We sent thank you texts or emails attaching a picture of DS wearing or using the present and talking about how much he was enjoying it. Where the item might not be used for a while and I hadn't seen the giver in person I sent an email with another pic and something about how lovely the pressie was and how he would enjoy it in the future. Some sort of ack is needed for stuff that comes by post so that the sender knows it hasn't got lost but cards are overkill imho. We get so much junk through our letterbox that if I am a giver I really don't want even more paper that has to go into the recycling. However an emailed pic will be saved on my phone/cloud and I probably will enjoy looking at it again from time to time when browsing my photo library. I often don't have postal addresses for people anyway.

likeacrow · 21/02/2017 09:18

LiviaDrusillaAugusta I gave my also expectant friend some Ted Baker baby tights I picked up reduced and told her they were in the sale. Didn't want her to think I'd spent loads. The last thing I'd expect is a thank you card. Nor did I get one. Her verbal thank you was enough for me to know age appreciated it. A thank you card would have been ott imo. So I suppose I'm just basing it on what I would expect.

OP posts:
WayfaringStranger · 21/02/2017 09:18

Oh Livia that's a shame. That sounds like a lovely present. I'd have loved something like that. :)

JessieMcJessie · 21/02/2017 09:18

Ps a tip- keep a log somewhere of who sent what- I am ashamed to admit that I have a couple of things that I can't match to a sender as we were in such a fug when opening everything.

LadyPW · 21/02/2017 09:19

And yes I do consider babygros etc a token gift. It's what I'd usually buy for friends' new babies and they cost a few quid. So a token gift.
Well if you tell people this then you'll probably not have many cards to write Hmm

treaclesoda · 21/02/2017 09:20

Where I live no one sends thank you notes for Christmas or birthday presents, I have never come across that in my life. But baby presents always get a written thank you. I have never given someone so much as a wee set of vests or socks and not had a written thank you note.
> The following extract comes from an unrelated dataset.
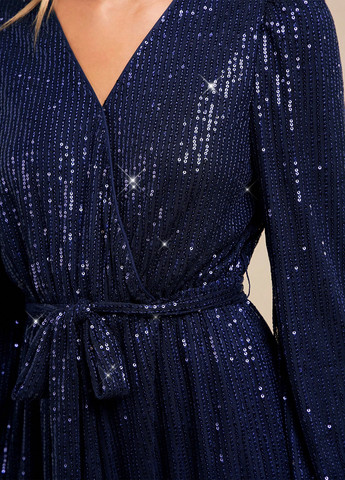 Темно-синее коктейльное платье клеш, на запах SHEIN однотонное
It seems to be 'the rules' here. Written thank you notes for wedding presents and baby presents. No written thank you notes for anything else.

Parker231 · 21/02/2017 09:21

I think everyone should be sent a thank you - we did the picture ones and people seemed to like having a picture of the DT's. If I was one of your friends or family I wouldn't appreciate your comments about a jumper bought on sale or booties on offer ! You wouldn't be getting any further gifts from me if that is your attitude to people spending their money on you.
DH and I kept a spreadsheet of gifts and every couple of days we'd each do a few more cards. It's not a lot of effort to thank people for buying for your children.

weeblueberry · 21/02/2017 09:22

A verbal thanks is fine with a new baby. Cards are nice but surely to god everyone knows they're not always feasible?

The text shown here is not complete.